雪清河是天斗太子,宁风致的弟子,未来的帝国继承人。他若只是想笼络一支崭露头角的魂师队伍,有千百种更体面、更得体的方式。
送发带,送暗器,说故人。
没必要。
但他做了。
千寻昙垂下眼。
她忽然想起很小的时候,兄长教她认人。他说,看一个人,不要看他说什么,要看他做什么。说话可以骗人,做事骗不了。
她不知道雪清河在做什么。
但她收下了那枚发带。
风穿过街道。
“回去吧。”唐三说。
“嗯。”
两人并肩往回走。
走出几步,千寻昙忽然停下来。
“阿唐。
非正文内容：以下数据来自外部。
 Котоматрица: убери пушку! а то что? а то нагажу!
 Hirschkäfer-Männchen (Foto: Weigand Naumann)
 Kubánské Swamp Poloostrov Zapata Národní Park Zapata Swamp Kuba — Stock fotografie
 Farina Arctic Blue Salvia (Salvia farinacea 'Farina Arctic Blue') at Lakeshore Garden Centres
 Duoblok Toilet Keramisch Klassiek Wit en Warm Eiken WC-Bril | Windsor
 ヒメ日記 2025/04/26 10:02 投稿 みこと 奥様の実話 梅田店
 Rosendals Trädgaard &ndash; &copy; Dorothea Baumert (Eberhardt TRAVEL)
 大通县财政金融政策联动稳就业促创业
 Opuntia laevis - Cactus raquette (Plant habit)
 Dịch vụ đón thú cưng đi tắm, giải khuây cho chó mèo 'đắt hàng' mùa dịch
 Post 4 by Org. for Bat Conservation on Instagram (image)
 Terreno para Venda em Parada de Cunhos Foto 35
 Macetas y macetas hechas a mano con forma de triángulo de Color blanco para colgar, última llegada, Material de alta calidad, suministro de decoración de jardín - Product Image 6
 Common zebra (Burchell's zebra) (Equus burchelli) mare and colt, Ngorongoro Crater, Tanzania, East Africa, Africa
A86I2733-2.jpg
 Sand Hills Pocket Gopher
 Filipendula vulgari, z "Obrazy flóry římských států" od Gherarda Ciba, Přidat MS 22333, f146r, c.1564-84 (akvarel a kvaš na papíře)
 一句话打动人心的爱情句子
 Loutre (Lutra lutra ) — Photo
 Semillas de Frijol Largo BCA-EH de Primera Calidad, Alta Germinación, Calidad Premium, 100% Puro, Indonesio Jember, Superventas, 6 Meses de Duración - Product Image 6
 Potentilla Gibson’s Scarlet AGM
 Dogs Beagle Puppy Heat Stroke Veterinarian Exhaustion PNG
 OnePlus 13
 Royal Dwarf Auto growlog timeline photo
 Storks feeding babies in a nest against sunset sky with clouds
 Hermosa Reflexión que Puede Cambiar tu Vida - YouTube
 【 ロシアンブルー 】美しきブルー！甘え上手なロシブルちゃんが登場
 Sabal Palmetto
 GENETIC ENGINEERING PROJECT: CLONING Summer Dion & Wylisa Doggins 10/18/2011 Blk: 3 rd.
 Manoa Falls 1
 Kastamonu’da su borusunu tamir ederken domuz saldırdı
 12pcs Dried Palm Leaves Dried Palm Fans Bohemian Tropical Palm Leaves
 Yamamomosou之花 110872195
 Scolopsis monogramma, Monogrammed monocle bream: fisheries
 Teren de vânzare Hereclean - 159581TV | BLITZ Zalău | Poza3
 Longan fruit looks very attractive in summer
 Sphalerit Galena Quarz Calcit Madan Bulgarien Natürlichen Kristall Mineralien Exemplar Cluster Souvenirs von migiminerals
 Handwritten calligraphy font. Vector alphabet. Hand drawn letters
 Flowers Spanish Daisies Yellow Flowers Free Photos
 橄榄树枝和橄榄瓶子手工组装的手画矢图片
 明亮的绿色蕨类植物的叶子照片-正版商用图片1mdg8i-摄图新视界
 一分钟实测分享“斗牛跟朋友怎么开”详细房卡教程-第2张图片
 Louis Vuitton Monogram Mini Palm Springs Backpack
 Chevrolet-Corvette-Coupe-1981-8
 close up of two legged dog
”她说。
唐三看着她。
千寻昙没有说话。
她把怀里的玉扣和发带贴得更紧了一些。
唐三点了点头。
两人继续往前走。
这一次千寻昙走在前头,唐三落后半步。
她没有回头。
但他看见她把怀里的玉扣取出来,和那枚新收的发带放在一起,重新贴进胸口。
他弯了弯唇角。
精神海里,相思翻了个身,嘟囔了一句谁也听不清的梦话。